Когда учёный секретарь РИСО Лихтенштейн узнал о предполагаемой организации группы, он стал очень суетиться вокруг меня и при встречах в столовой всё время спрашивал, кто же войдет в группу. Академик Миллионщиков поручил Лихтенштейну на основании нашего соглашения составить документ, подлежащий подписи Президента М. В. Келдыша и имеющий силу закона. При оформлении бумаги Лихтенштейн фальсифицировал документ, внеся свои поправки в наше соглашение, а именно он писал, что окончательное решение о публикации книги принимается секцией, а не совместно группой и секцией, и что состав группы утверждается Седовым. Первая поправка практически лишала группу всякого реального влияния, а вторая — делала её орудием Седова. Зная из суеты Лихтенштейна о его озабоченности происходящим, я заподозрил возможность фальсификации с его стороны. С разрешения Миллионщикова я ознакомился с документом, который составил Лихтенштейн. Увидев поправки, внесённые им, я рассказал о них Миллионщикову и попросил вернуться к нашему исходному тексту. Что и было сделано. В таком восстановленном виде документ был подписан Келдышем. После этого Лихтенштейн перестал со мной здороваться при встречах.
Келдыш подписал устав группы в начале декабря 1970 года. А в середине декабря группа уже впервые собралась.

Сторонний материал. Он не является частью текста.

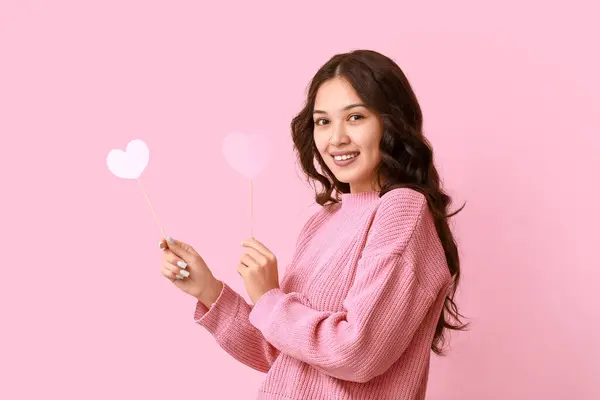 Счастливая Молодая Азиатка Розовыми Бумажными Сердцами Цветном Фоне Празднование Дня — стоковое фото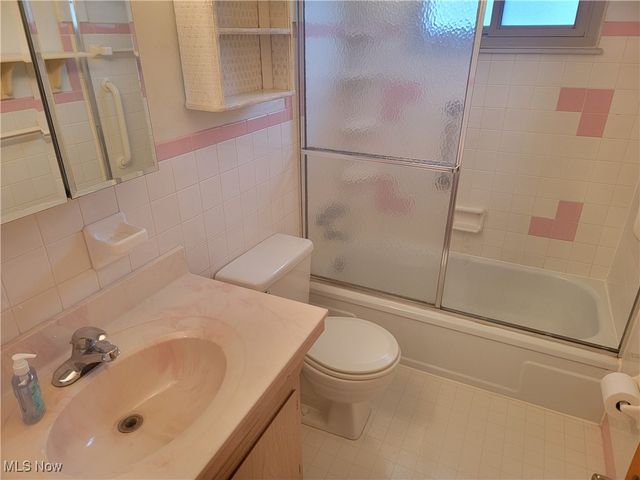 6213 Siegler Drive, Brook Park, OH 44142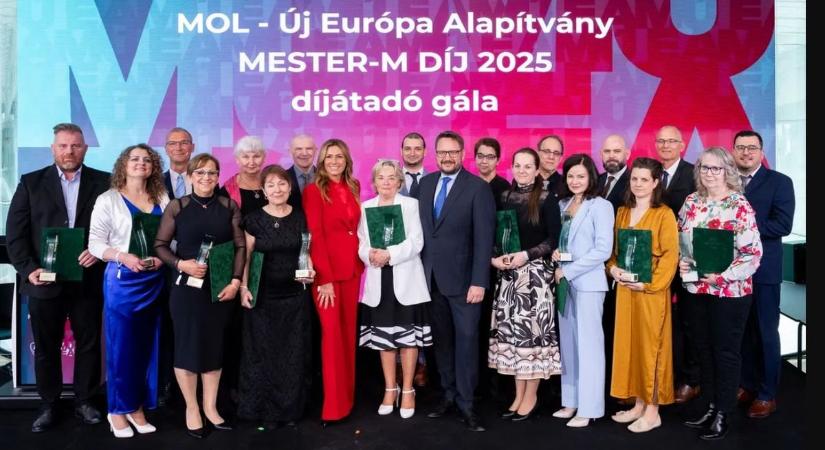 Rangos tehetséggondozási díjat kapott a Széchenyi gimnázium tanára, Tóthné Páncsics Edina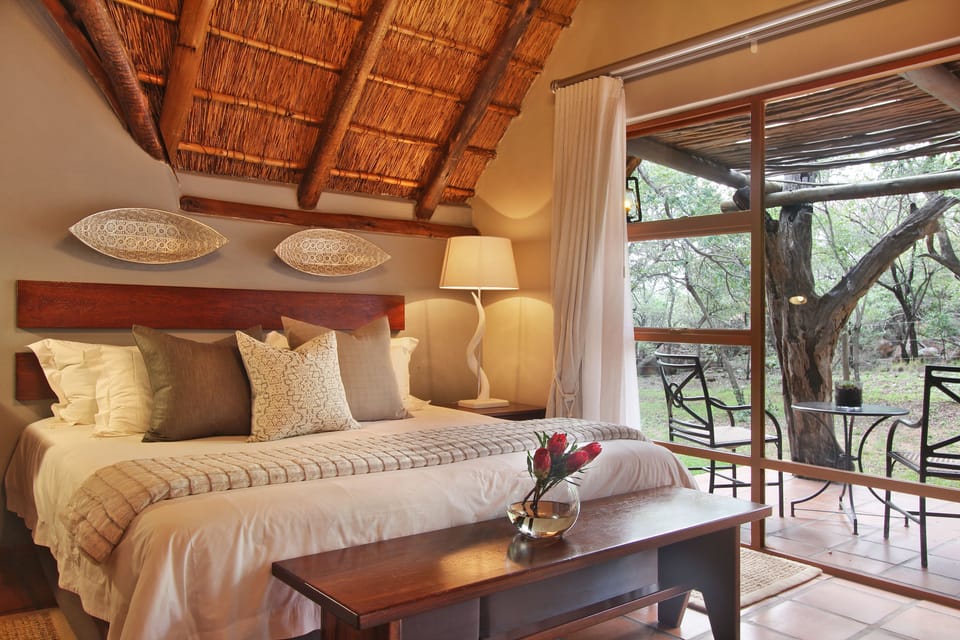 Superior Room | 1 bedroom, premium bedding, minibar, in-room safe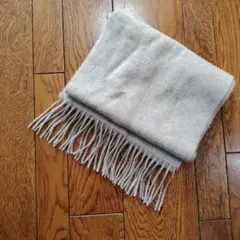 ユニクロ　カシミヤ　グレー マフラー フリンジ付き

Нам был предоставлен полный список книг по математике, подлежащих рассмотрению на ближайшей секции РИСО. Мы тщательно их обсудили и вынесли свои решения в форме протокола заседания группы. По распоряжению Келдыша я был включён в секцию и на заседании секции сообщал решение группы по каждой книге.
В дальнейшем мне удалось добиться того, чтобы книги, переводимые издательством «Мир» на русский язык, также рассматривались группой. Таким образом, группа получила возможность влиять на издательство «Мир», не входящее в систему Академии наук.
У группы оказалось довольно много работы. Мы стали собираться раз пять-шесть в год. Несколько позже я усовершенствовал эту работу. Перед каждым заседанием мы встречались втроем — я, секретарь и член группы В. П. Михайлов, доктор физико-математических наук, сотрудник Стекловского института. Мы втроём внимательно рассматривали переданный нам издательством список подлежащих рассмотрению книг по математике, с тем чтобы облегчить работу группы, так как на каждом заседании группы нам приходилось принимать решение по списку книг, содержащему около ста названий.
Главная редакция издавала не только книги по математике, а также книги по физике, механике и теории управления. Все они подлежали утверждению на секции Седова. Значительно позже по образцу нашей группы по математике были образованы группы по физике и по механике и теории управления. Так что при секции образовались три группы.